Para hacer frente al impacto del conflicto de Irán sobre los hogares, entre otras medidas el gobierno ha reducido los impuestos que gravan la electricidad y el gas natural. Concretamente, el tipo de IVA en ambos impuestos ha pasado del 21% al 10%. Adicionalmente, el impuesto especial sobre la electricidad se ha reducido del 5,1% al 0,5%.
Bajo el supuesto de que estas medidas generan pequeños cambios en la cantidad de energía consumida, el ahorro medio que obtienen los hogares equivale al 13,1% de su factura trimestral de electricidad y al 9,1% de la de gas. En ambos casos, se trata de una rebaja lineal de la que se benefician todos los hogares en igual proporción. De acuerdo con los microdatos de la Encuesta de Presupuestos Familiares, el gasto medio anual de electricidad es de 720 euros por hogar, y de 240 euros en el caso del de gas. De acuerdo con estas cifras, el ahorro medio del que se beneficiarán los hogares durante los tres meses de vigencia de la rebaja fiscal será, aproximadamente, de 24 euros en la factura de electricidad y 6 en la de gas. En términos comparativos, estos 30 euros son una tercera parte de los 90 euros de ahorro fiscal que estimamos en una entrada anterior para el caso de la rebaja de los impuestos a los carburantes.

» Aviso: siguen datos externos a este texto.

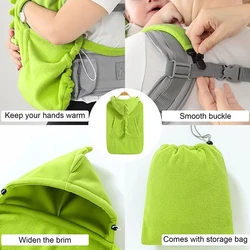Funda para cochecito a prueba de viento con capucha
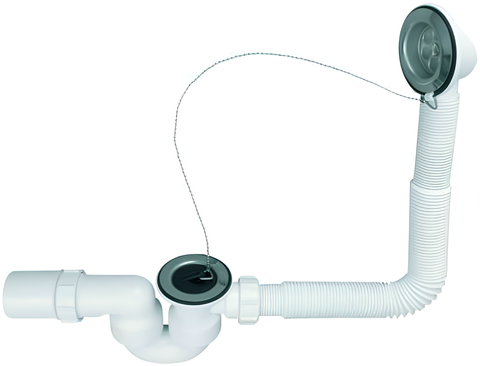 Сифон для ванны MCALPINE HC30-EX 1 1/2"х40/50мм (А0047310)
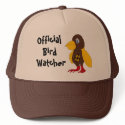 Official Bird Watcher hats
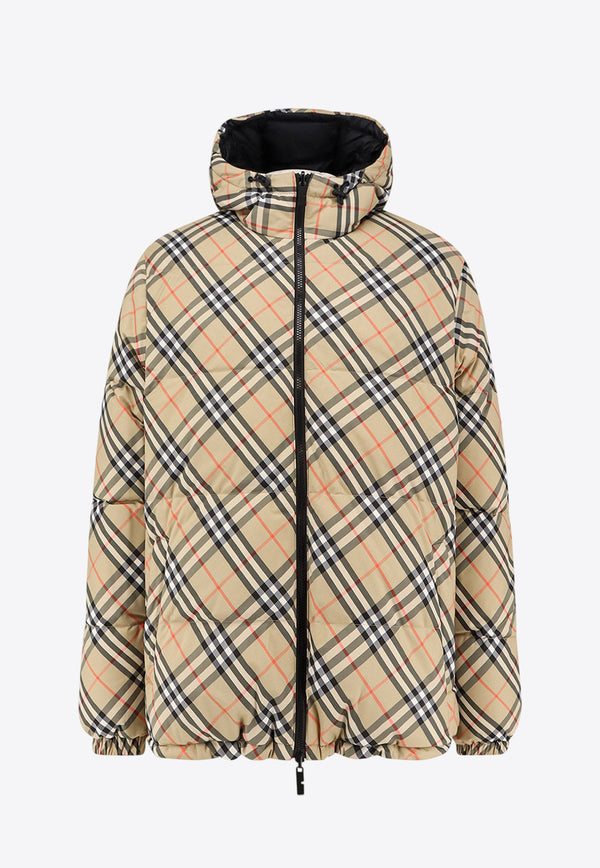 Burberry Snowdonia Reversible Zip-Up Checked Jacket Beige 8110215B9368_SAND IP CHECK_29839296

Como muestra el cuadro 1, los ahorros obtenidos por la rebaja fiscal de gas y electricidad son una función creciente de la capacidad económica de los hogares oscilando entre 18 y 38 euros. Aunque pueda parecer modesta en términos medios, su impacto global es elevado. El coste global de esta medida para los 19,8 millones de hogares residentes en España será de 574 millones euros durante el trimestre de vigencia de las medidas, cifra que se eleva a 1.629 millones de euros si se suma el coste de la rebaja a los carburantes sobre el sector hogares. Esta última cuantía representa el 32% del coste total de las medidas aprobadas por el gobierno, cifradas en 5.000 millones de euros. Precisamente, AIReF ha actualizado sus previsiones de déficit para incorporar su impacto, elevándolo en seis décimas hasta el 2,6% del PIB, una décima por encima del 2,5% fijado en la senda del déficit. De mantenerse estas medidas más allá de junio, es previsible que provocasen un importante deterioro sobre el déficit público en 2026, que rompería con la tendencia bajista de los últimos años.